Anthropic identified industrial-scale distillation campaigns by three Chinese AI labs—DeepSeek, Moonshot, and MiniMax—using over 24,000 fraudulent accounts to extract capabilities from its Claude model.
The labs conducted more than 16 million exchanges with Claude through these accounts, violating Anthropic’s terms of service and regional access restrictions, according to the company’s February 2026 announcement.
How distillation enables illicit model copying
Distillation involves training a smaller model on the outputs of a larger one, a legitimate practice when used internally but prohibited when targeting competitors’ models without authorization.
Anthropic warned that models built through illicit distillation lack necessary safeguards, increasing risks of misuse for bioweapon development or malicious cyber activities.
Why the White House memo escalates the dispute
A White House memo cited by the BBC corroborates Anthropic’s claims, framing the activity as mass AI theft by Chinese firms and aligning with earlier allegations from OpenAI about DeepSeek.

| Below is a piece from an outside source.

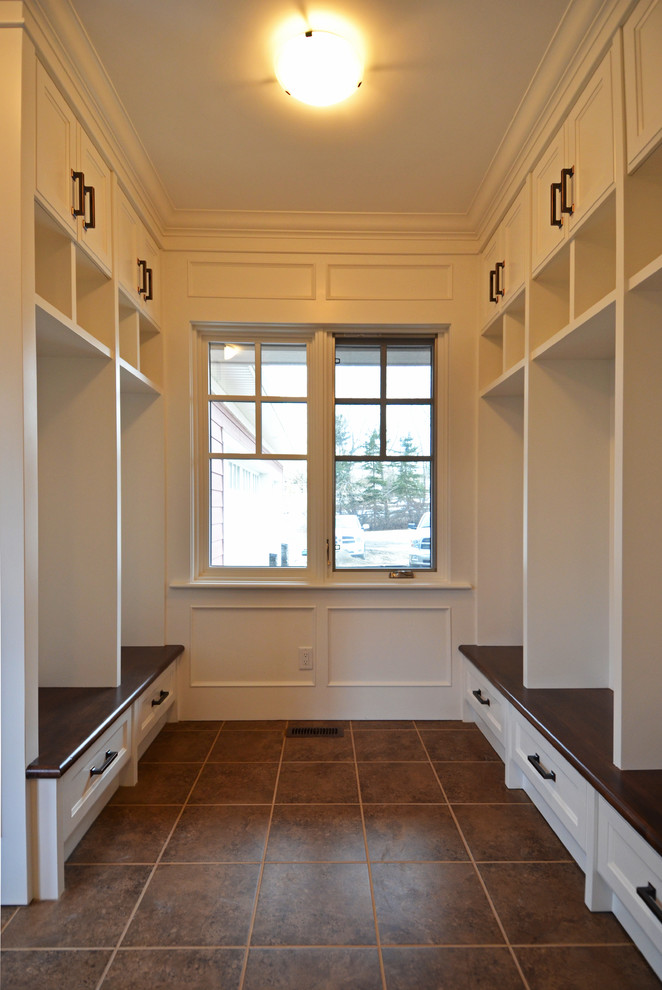 Inspiration for a mid-sized traditional mudroom in Calgary with white walls.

The memo adds weight to Anthropic’s argument that the campaigns pose national security concerns by potentially stripping safety controls from replicated models.

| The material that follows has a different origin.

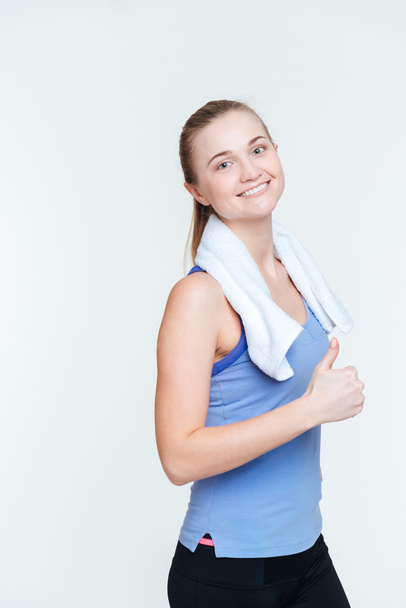 Smiling fitness woman showing thumb up - Foto, afbeelding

What is distillation in AI?
Distillation is a technique where a smaller AI model learns from the outputs of a larger, more capable model to achieve similar performance with fewer resources.
Why does Anthropic consider this a security risk?
Anthropic states that models created through illicit distillation are unlikely to retain the safety safeguards built into its Claude model, which are designed to prevent harmful uses like bioweapon development or cyberattacks.